Malgré le discours présentant les propriétaires comme de petits particuliers dépendants de leurs revenus locatifs, la réalité est plus complexe. Depuis la crise de 2008, le marché locatif attire des fonds d’investissement et de grands propriétaires, concentrant ainsi la propriété immobilière.
Les syndicats organisent ainsi des immeubles entiers possédés verticalement, adoptant une approche proactive en suscitant le conflit plutôt qu’en attendant passivement l’arrivée des locataires.

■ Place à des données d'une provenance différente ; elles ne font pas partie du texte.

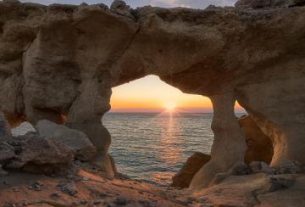 نمای غروب خورشید از پنجره‌ای رو به خلیج فارس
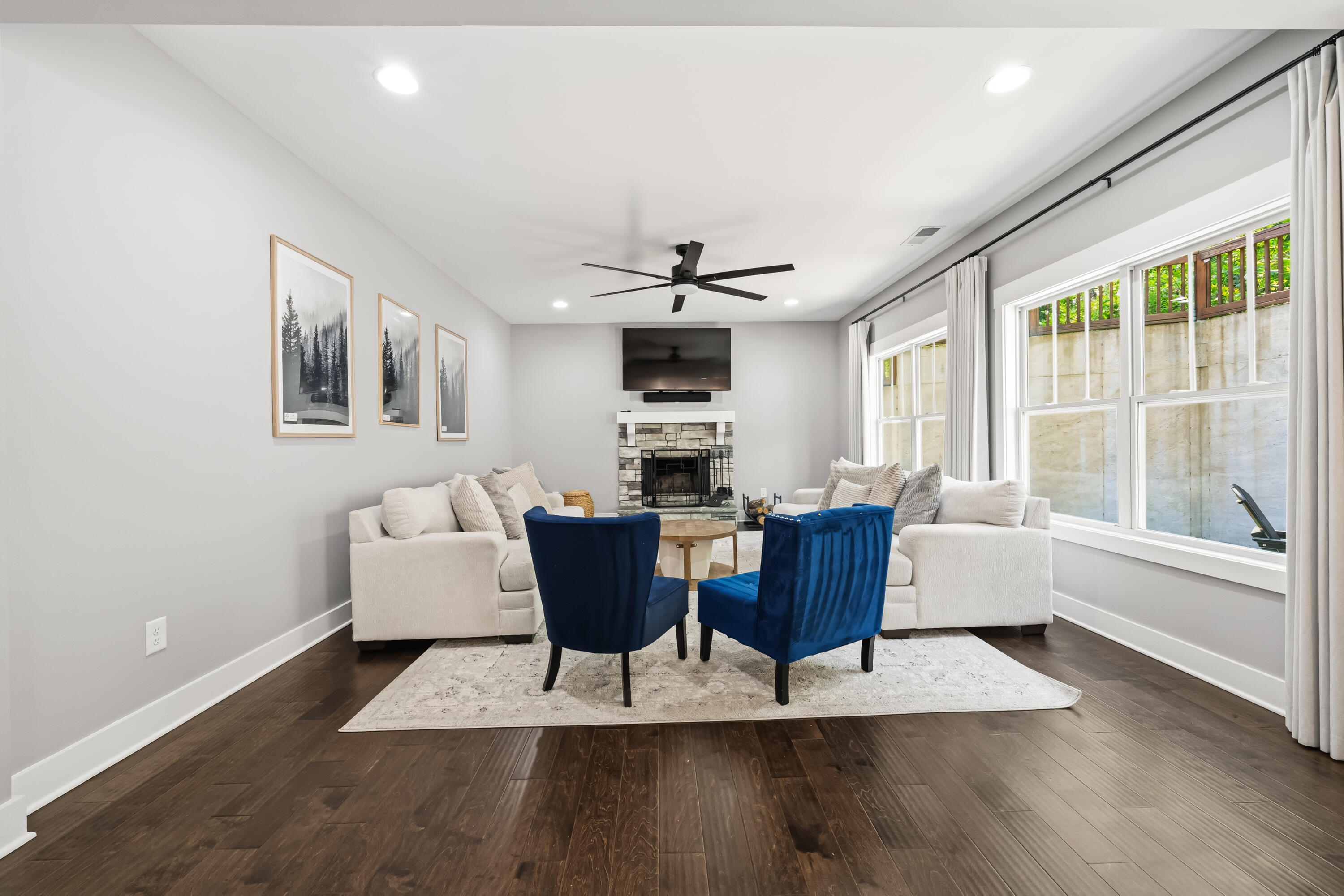 60 Grand Georgian Court NE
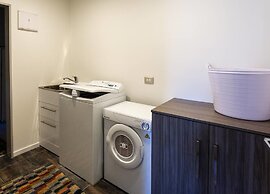 Luxury Lakeside Home - Remarkable View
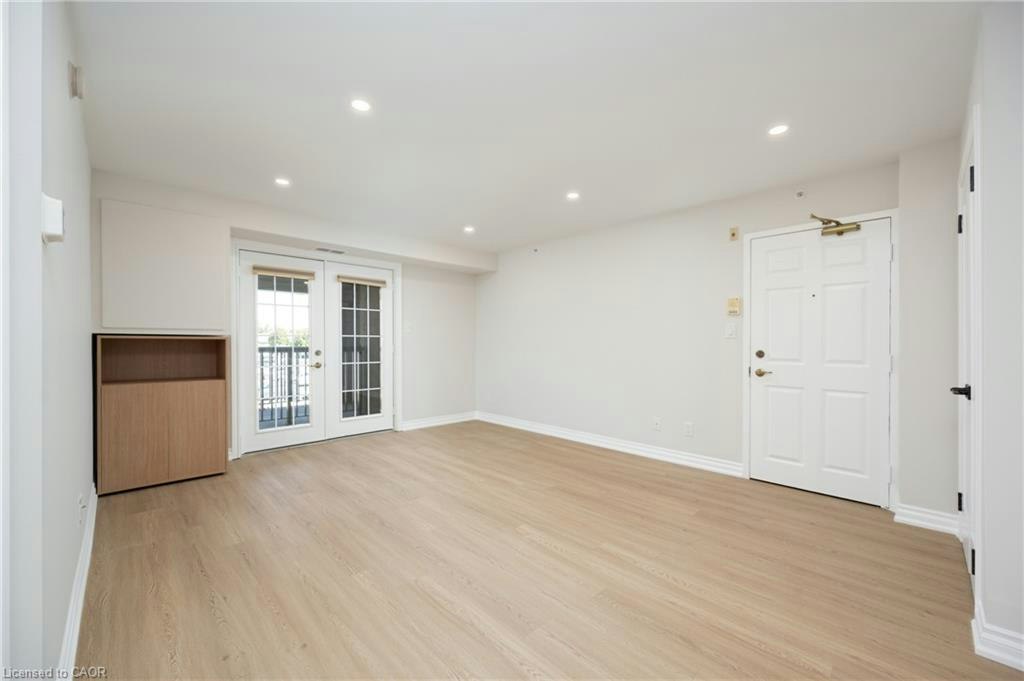 206-1451 Walker's Line, Burlington, ON, L7M 4P1 2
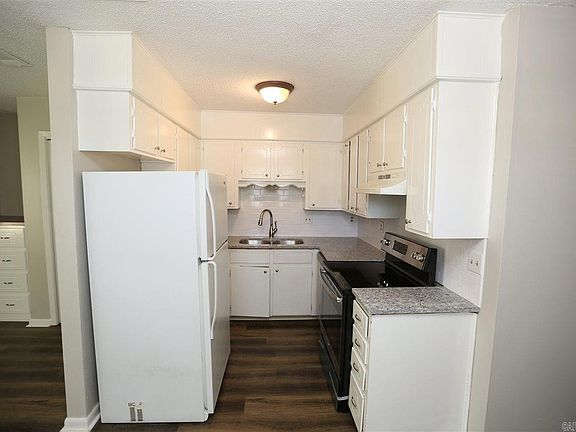 4th image of 803 N Van Buren St APT 1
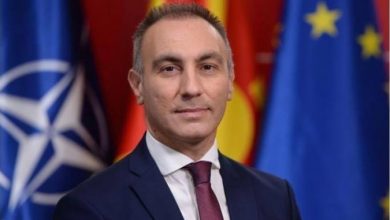 Photo of Груби: Оспорувањето на идентитетот на која било заедница не е во духот на европската солидарност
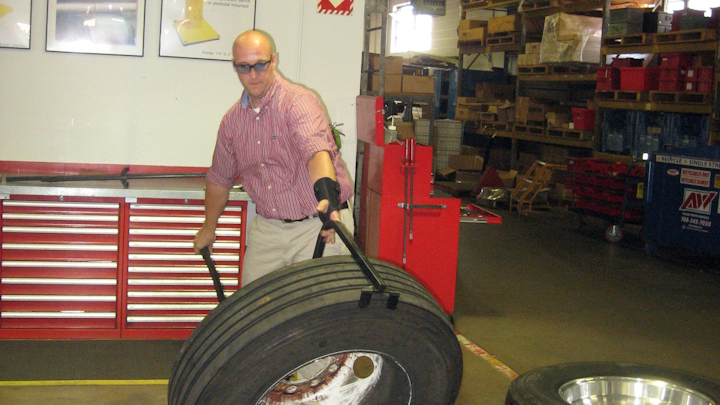 Content Dam Up En Articles 2014 07 Fleet Maintenance Tire Lifter Handles Large Jobs Leftcolumn Article Thumbnailimage File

Ils identifient les problèmes, mobilisent des immeubles entiers et mènent la lutte collective avant que les crises ne deviennent aiguës.
Articuler le conflit contre le rentisme et la lutte institutionnelle
Un autre pilier essentiel consiste à combiner les luttes sur le terrain avec l’action institutionnelle, afin d’obtenir des réformes législatives comme l’allongement des contrats, le plafonnement des loyers dans certaines communes, etc. Ces changements sont des victoires obtenues par la lutte mais restent insuffisants, la législation actuelle favorisant toujours largement les intérêts des rentiers.
Ces réformes doivent être vues comme des outils, non comme des objectifs ultimes, pour renforcer la position des locataires en vue de futurs conflits. Les mobilisations récentes ont mis en avant des revendications largement partagées, comme la baisse urgente des loyers (minimum 50 %), et dénoncé les gouvernements prétendument progressistes défendant les profits immobiliers.
Parmi les autres mesures urgentes nécessaires :
Des contrats stables, de longue durée et à renouvellement automatique pour sécuriser la vie des locataires.
L’expropriation des logements vacants, touristiques ou détenus par des fonds d’investissement, pour créer un parc public sous contrôle social.
Une régulation réelle ajustant le loyer à un maximum de 10 % des revenus des ménages.
Ces mesures sont indispensables pour résoudre la crise du logement, mais le droit réel au logement exige que celui-ci soit retiré de la logique marchande, un changement impossible sous le capitalisme.
Reconstruire la conscience de classe et combattre l’extrême droite
Au-delà d’améliorer les conditions matérielles, les syndicats de locataires peuvent jouer un rôle clé pour reconstruire une conscience de classe intégrant des perspectives féministes et antiracistes, et combattre l’extrême droite.
Les locataires ne forment pas une classe distincte, mais une fraction de la classe ouvrière privée du contrôle de son logement, situation comparable à celle des propriétaires hypothéqués ou des squatteurs. La lutte oppose donc la classe ouvrière aux rentiers, plutôt qu’une simple question générationnelle.
Nouveaux défis pour le syndicalisme du logement
Les syndicats de locataires et le mouvement du logement font face à plusieurs défis majeurs :
Développer efficacement la grève des loyers pour obtenir des victoires et des baisses significatives.
Dépasser les syndicats existants en créant de nouvelles organisations territoriales et nationales, unifiant locataires, propriétaires hypothéqués et squatteurs dans un syndicalisme intégré.
La grève des loyers est déjà en cours, notamment contre Nestar Homes et La Caixa, touchant directement les grands propriétaires.
Enfin, il faut profiter du moment politique actuel pour porter des revendications fortes comme l’expropriation de logements et des baisses universelles de loyers. L’objectif final reste un syndicalisme intégral du logement, capable de rassembler tous les secteurs concernés et de proposer une alternative sociale et politique forte garantissant un droit universel et digne au logement.
Alex Francés et Blanca Martínez sont militants pour le droit au logement dans les syndicats de locataires en Catalogne et à Madrid et membres d’Anticapitalistas.